What is the Retrieval Augmentation Generation? What’s its importance? "It’s a way to bring into an LLM, without needing to do refining and tuning, access to your proprietary information where that doesn’t become part of the public training set. That’s the value. You can imagine a scenario where there’s a topic search for a call centre. ...Can I get the benefit of an LLM for mastery of language, but marry that with what I know about these products that sometimes cause problems for people."
There’s a dearth of talent around AI model creation for training LLMs, prompt engineering, and general knowledge of AI. How are you addressing training for Cisco’s workforce? "Everyone is required to take our responsible AI training.
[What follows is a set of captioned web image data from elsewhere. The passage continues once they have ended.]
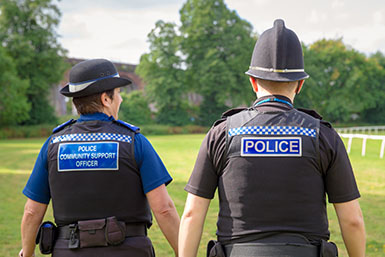 ShrewsburyBID's tweet photo. West Mercia Police are seeking the views of town centre businesses in #Shrewsbury and the wider area to better understand the impact of shop theft and anti-social behaviour.

Please take 5 mins to complete this short survey and share your experiences 👇

https://t.co/1Qe2nc3VtP https://t.co/BO0tPzTlDf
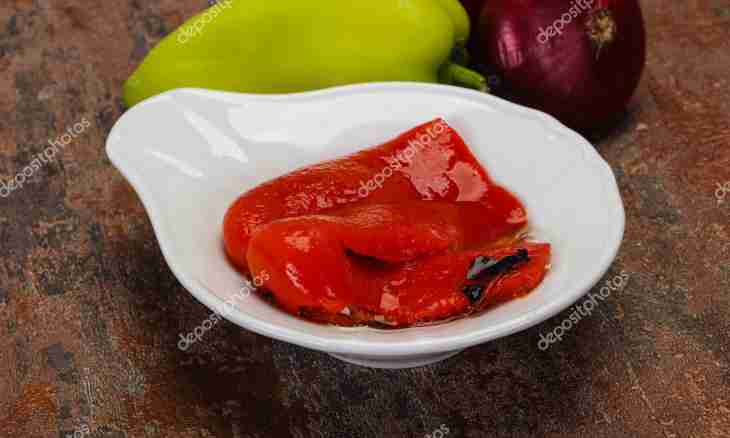 Marinated paprika with apples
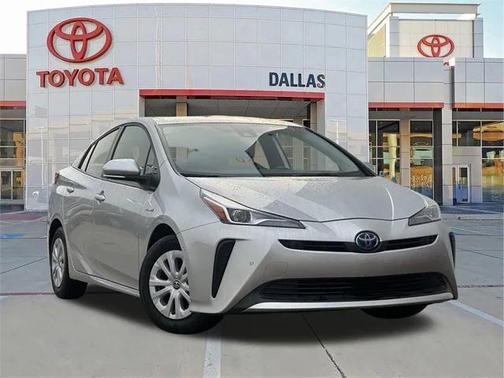 2022 Toyota Prius LE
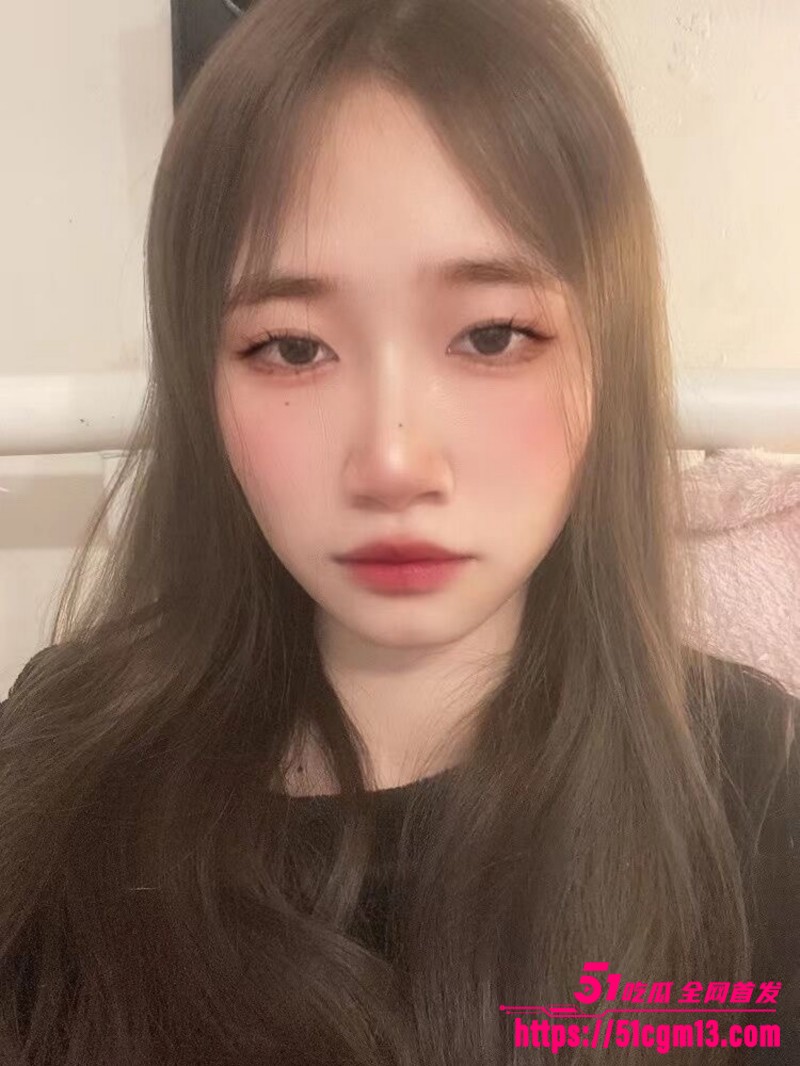 湖南大学生 溜溜 被男友曝不雅视频 2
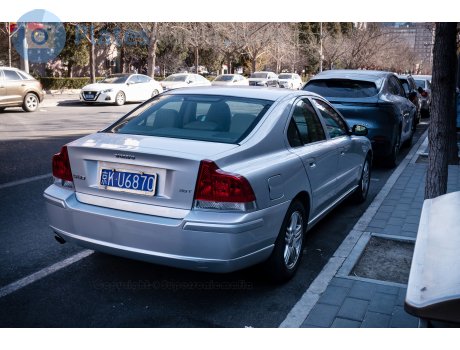 京K·U6870, Volvo S60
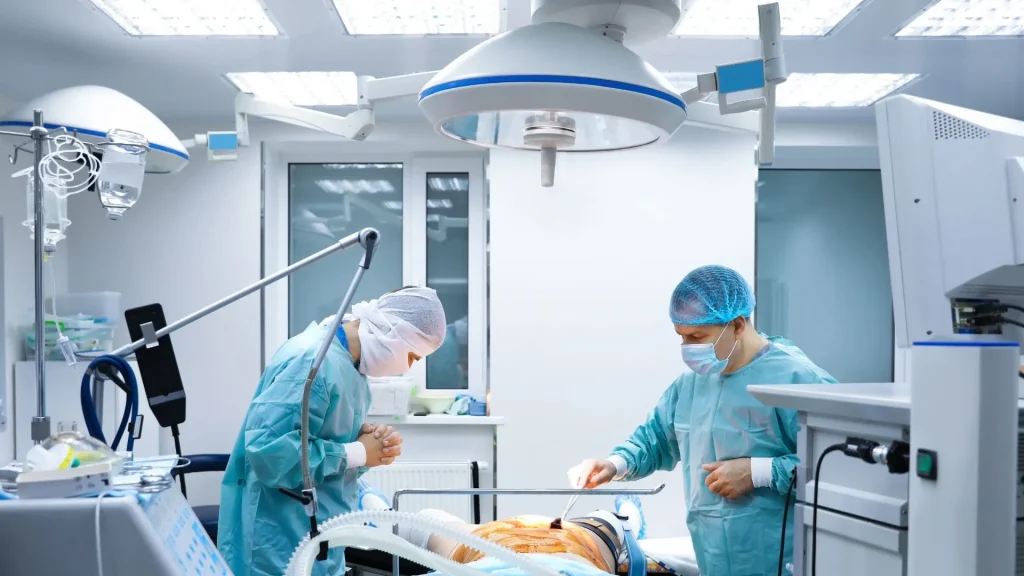 Bedah laparoskopi menjadi tonggak penting dalam dunia pembedahan modern karena memungkinkan intervensi minimal invasif dengan hasil yang lebih cepat dan aman.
It’s new, so you’re not going to find lots of people in the workforce that have all these skills that are only now being refined. So, you’re just going to have to grow a lot of this talent. And to do that, the best way to learn is through experience.
"...There’s high value in making these tools available to people in a safe way and providing an environment where people can experiment. That includes the physical as well as the software. We need to build these environments so that engineers can get their hands and feet in the data centres to understand how this technology really works. Then make those clusters and the LLMs that will run on them available to our product development teams, our software developers, and others in the company so they can get real-world experience with prompt engineering, but also software development and embedding AI features into the products. It is new, so there’s a learning curve for everyone.
"It's probably the rule of thirds where a third of people are going to struggle, a third will excel and a third will need training and help getting there."
So, how has Cisco addressed internal training? Have you created sandboxes and video classes? "Yes and yes. We’ve created sandboxes where people can experiment and learn on the job. I think the best way to learn something is by solving a difficult problem. ...Having a real problem that you’re trying to solve is a great forcing function to focus and narrow the effort in getting real experience.
"Solve a real problem and a business outcome. We also work with product teams across Cisco — people who’ve had years of experience working with AI. Our collaboration products use a lot of AI to do things like background noise cancellation determining who the active speaker in a room is and what’s the best camera angle in a conference room for a meeting, and summarising the meetings.
"So, we learn from each other. Then there are certain jobs we continue to always need more of data, design, user experience, AI and enterprise architecture. Those disciplines are always in high demand and now more than ever as everybody moves toward experience-led IT, experience-led products and having a singular user experience throughout all our products.
"AI has been around for a while. Why did ChatGPT catch on so quickly? It’s because they created a very simple interface for it instead of an API. You can go to a website and chat with this thing."